In the News: Hundreds of thousands of Cisco switches attacked

In the last couple of weeks, there have been multiple reports of hackers exploiting a security vulnerability in Cisco Smart Install Client tool to attack hundreds of thousands of network switches. Cisco had previously identified the vulnerability, published an advisory and provided patches. As is often the case, it appears that only a very small portion of network devices were updated immediately, leaving many of them vulnerable. In most of the attacks in this event, the router or switch had their configuration wiped out and were left inaccessible and inoperable, causing the network to become unavailable.

Notable with this Cisco hack is the unprecedented severity and scale of an attack affecting networking devices. While most network devices today leverage a mainstream Operating System (such as Linux), network vendors normally remove components and disable services that are not needed in a purpose-built network appliance, reducing the possible vulnerability surface. Another factor is that the fragmentation caused by proprietary customizations by each vendor make it more difficult for a hacker to affect a very large number of devices by exploiting a single vulnerability.

That is why most broad attacks usually target mainstream versions of hardware, operating systems and application frameworks used in consumer or data center computing devices.

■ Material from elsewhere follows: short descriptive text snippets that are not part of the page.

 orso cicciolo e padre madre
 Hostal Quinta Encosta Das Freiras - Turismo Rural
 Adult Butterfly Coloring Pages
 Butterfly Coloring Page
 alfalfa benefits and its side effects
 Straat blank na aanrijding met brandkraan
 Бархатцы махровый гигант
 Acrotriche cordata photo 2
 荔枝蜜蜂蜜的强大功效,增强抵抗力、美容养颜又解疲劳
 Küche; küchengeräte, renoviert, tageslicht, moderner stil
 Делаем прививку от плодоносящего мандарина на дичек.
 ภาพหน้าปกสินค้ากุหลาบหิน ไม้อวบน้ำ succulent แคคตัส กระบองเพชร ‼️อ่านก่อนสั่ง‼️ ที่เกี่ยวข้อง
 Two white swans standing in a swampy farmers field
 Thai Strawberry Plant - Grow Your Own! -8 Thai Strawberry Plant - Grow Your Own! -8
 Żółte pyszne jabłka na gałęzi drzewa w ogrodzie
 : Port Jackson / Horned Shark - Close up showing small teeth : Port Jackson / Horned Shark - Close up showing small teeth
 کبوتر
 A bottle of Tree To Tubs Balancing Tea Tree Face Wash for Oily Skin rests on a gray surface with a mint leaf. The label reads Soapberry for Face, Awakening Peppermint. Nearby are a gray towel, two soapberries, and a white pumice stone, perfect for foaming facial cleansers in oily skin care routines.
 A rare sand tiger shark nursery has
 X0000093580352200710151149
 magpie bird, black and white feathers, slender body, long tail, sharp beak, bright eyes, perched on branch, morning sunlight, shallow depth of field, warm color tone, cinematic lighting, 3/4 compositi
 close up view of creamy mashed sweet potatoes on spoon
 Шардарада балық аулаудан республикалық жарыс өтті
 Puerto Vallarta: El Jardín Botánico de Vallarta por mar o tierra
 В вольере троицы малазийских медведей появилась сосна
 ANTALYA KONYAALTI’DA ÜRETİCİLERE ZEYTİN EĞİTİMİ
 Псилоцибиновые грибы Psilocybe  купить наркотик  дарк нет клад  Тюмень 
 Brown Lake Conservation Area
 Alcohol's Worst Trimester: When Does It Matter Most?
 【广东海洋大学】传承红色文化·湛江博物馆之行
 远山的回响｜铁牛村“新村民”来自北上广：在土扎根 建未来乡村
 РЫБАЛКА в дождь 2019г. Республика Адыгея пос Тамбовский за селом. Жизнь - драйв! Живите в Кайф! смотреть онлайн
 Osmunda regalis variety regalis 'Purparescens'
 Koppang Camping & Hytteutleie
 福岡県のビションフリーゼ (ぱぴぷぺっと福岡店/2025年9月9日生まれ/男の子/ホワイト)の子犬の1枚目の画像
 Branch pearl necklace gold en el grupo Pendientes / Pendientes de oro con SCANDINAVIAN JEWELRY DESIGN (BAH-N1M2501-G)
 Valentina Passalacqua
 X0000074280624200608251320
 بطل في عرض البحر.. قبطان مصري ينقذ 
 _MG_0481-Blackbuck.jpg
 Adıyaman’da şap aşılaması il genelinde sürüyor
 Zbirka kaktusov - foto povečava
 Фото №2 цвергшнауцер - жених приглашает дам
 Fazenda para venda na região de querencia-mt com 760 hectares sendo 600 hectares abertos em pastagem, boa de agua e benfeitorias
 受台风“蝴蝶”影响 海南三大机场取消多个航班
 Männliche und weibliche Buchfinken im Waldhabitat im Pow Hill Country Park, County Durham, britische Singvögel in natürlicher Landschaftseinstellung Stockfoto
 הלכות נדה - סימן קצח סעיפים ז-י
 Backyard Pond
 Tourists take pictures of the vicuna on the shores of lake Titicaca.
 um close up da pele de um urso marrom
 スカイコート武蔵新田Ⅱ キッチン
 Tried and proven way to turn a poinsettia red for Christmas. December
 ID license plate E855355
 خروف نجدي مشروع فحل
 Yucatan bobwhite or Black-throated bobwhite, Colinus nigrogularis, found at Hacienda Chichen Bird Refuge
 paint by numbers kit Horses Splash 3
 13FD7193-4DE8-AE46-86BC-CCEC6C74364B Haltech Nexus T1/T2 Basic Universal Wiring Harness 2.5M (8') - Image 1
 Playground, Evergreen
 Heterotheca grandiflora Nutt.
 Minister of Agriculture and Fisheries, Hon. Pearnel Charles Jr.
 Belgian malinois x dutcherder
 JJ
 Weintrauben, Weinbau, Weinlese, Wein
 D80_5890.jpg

A growing threat: With SDN, NFV, and white box networking, quick patching becomes essential

The current trend is the increasing use of commodity hardware with a mainline operating system and software in network nodes. This convergence enables the use of common tools to manage all systems in a large infrastructure, including networking, compute and storage systems. But it also gives hackers a large vulnerability surface to attack systems that were not attractive targets before.

With the adoption of these new technologies, a network can no longer count on the “security by obscurity” of vendor-proprietary architectures. As network devices use more mainstream hardware and software components, network engineers will have not only to pay more attention to security advisories and react quickly, but also make sure to have the tools and processes to prevent attacks and recover from a disruption.

Preventing attacks: The need for better configuration management and provisioning systems in networking

We have all become used to the automatic update in our cell phones and laptops to fix vulnerabilities quickly, but the same is not true for networking devices – and for good reason. Without vendor-neutral automated configuration management and provisioning systems, network operations groups in enterprise networks are conservative when introducing changes. Human error and configuration change are the two primary causes of network downtime, and so Network Engineers minimize firmware updates because they are afraid of creating disruptions.

Automated configuration management and provisioning systems not only eliminate human errors (by far, the biggest cause of downtime), but also allow the roll-back of changes if they cause disruption. Monitoring of security threats is important, but without enabling patches and fixes to be quickly deployed, we will continue to see major attack events in networking from time to time.

Recovering from a Hack: Don’t rely on the network to manage the network

A reliable network infrastructure can leave network engineers with the feeling that they can always manage the network in-band (i.e. relying on network connectivity to manage network devices). Events such as this attack, which left the devices inoperable and brought the network down, are a strong reminder: when there is a network disruption, engineers need an alternative path to access and manage these devices without reliance on the production network. With an Out-of-Band Management infrastructure in place to maintain uptime, including 4G-LTE cellular access, network engineers can reduce the time-to-repair and ensure maximum network availability. So, when a vulnerability is exploited, the network can be up and running again in as short a time as possible.